Lounapo et Primitivi en Tunisie

Méditerranée : d’une rive à l’autre, faire la nique à la mort

21 mars. Sous une neige aussi abondante qu’inattendue, l’Albatros II largue les amarres et quitte le Vieux-Port de Marseille, direction la Tunisie. L’association Lounapo1 prend le large, invitée par des membres tunisiens du réseau Alarmphone2 pour animer des ateliers de sécurité en mer. En voici un journal de bord écrit et dessiné.
Par Benoît Guillaume.

L’idée est simple : transmettre des connaissances maritimes et météorologiques, dans l’espoir de rendre les tentatives de traversée de la Méditerranée moins périlleuses. Primitivi, collectif de documentaristes, s’est associé à Lounapo dans cette aventure : deux de ses membres embarquent pour réaliser un film.

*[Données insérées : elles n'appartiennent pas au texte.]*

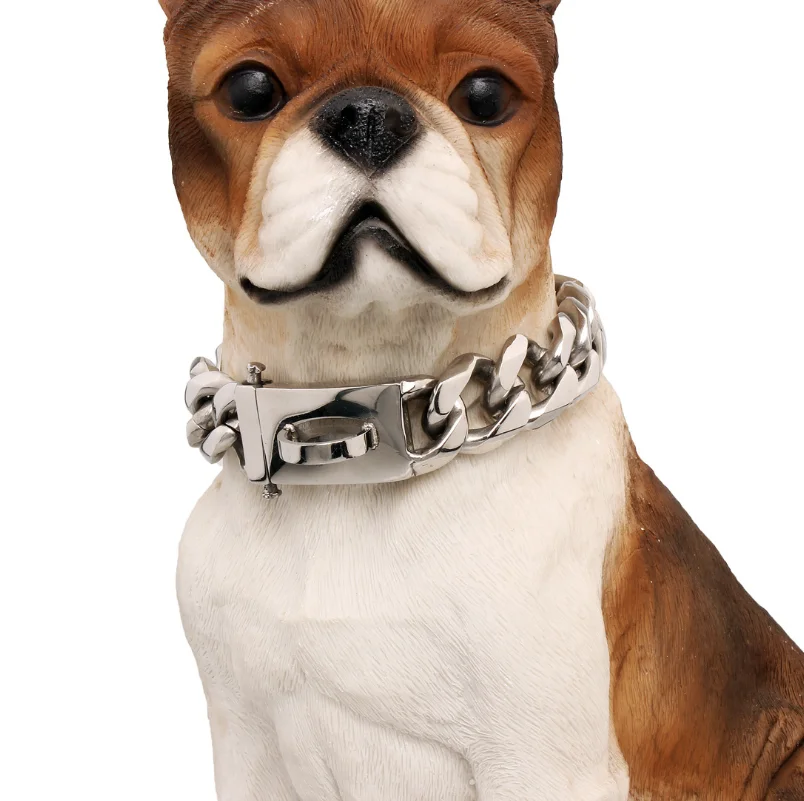 19mm Strong Heavy Duty Steel Decorative Stainless Steel Dog Cuban Chain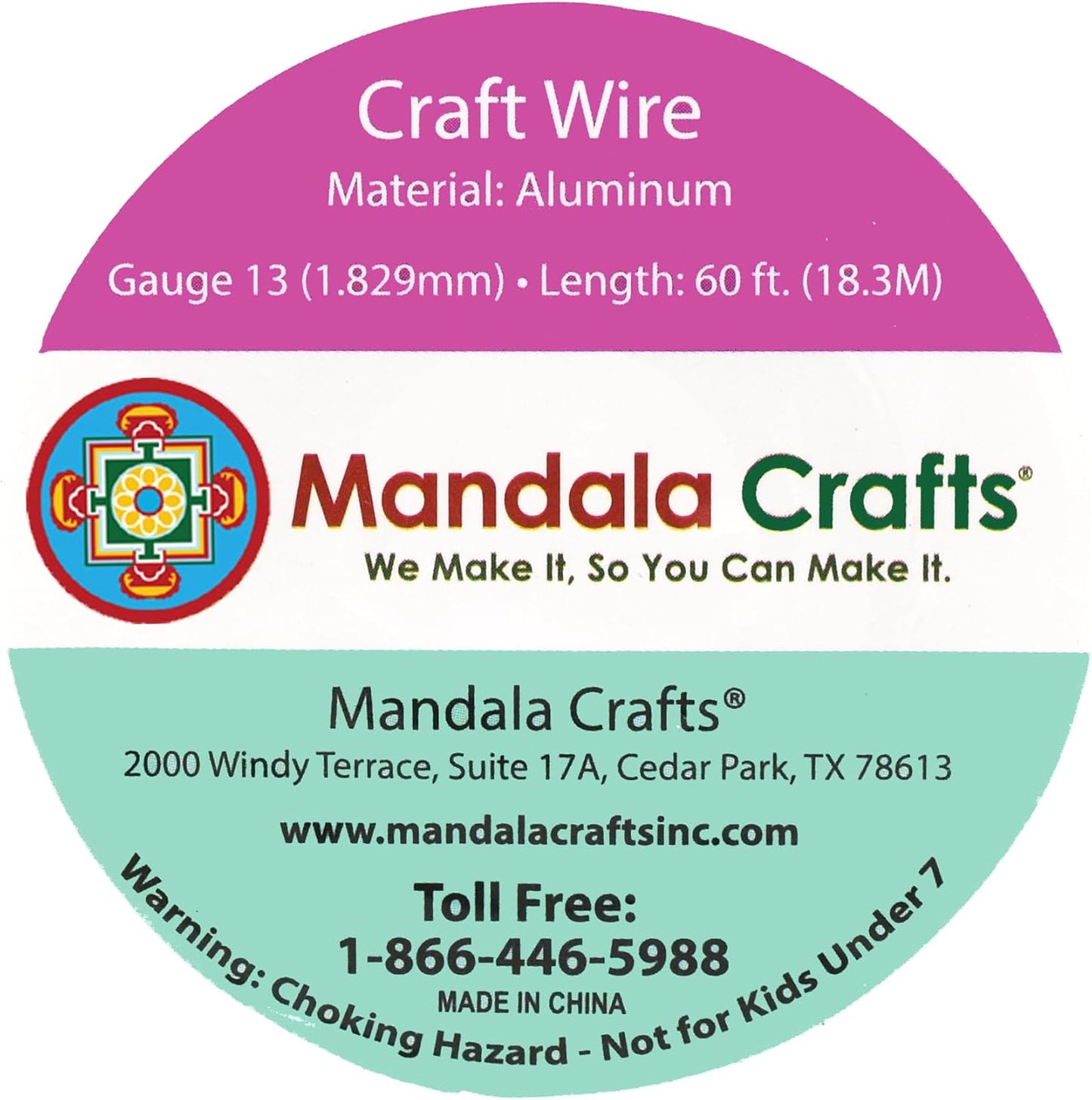 Mandala Crafts 13 Gauge Anodized Aluminum Craft Wire for Jewelry Making - 60 FT Colored Flexible Purple Wire - Bendable for Bonsai Armature Crafting Sculpting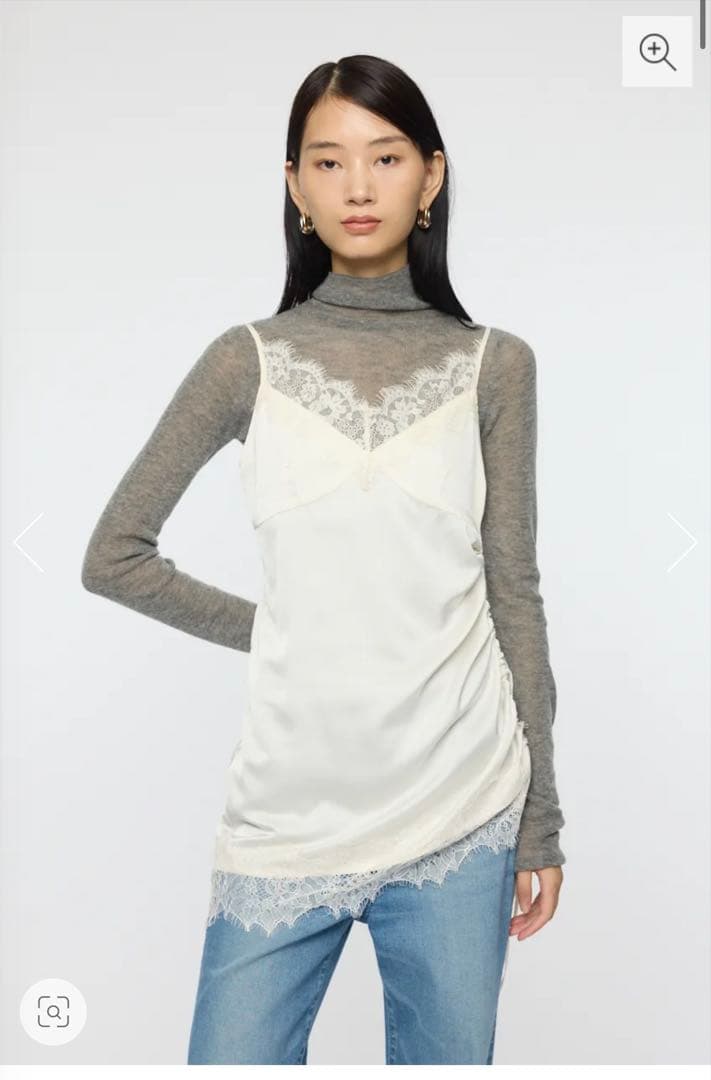 moussy DOT SATIN CAMI ドレス　ホワイト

Au total, pendant près de deux mois, une vingtaine de personnes se relaient sur l’Albatros II, expérimentant la vie commune dans un espace mouvant et restreint – pas tous en même temps, heureusement ! Les premiers jours, c’est un équipage de huit marin.e.s plus ou moins aguerri.e.s qui affronte une houle venant chatouiller le fond des tripes. Avaries, manœuvres et coups de barre se succèdent au long des deux semaines que dure la traversée vers la Tunisie.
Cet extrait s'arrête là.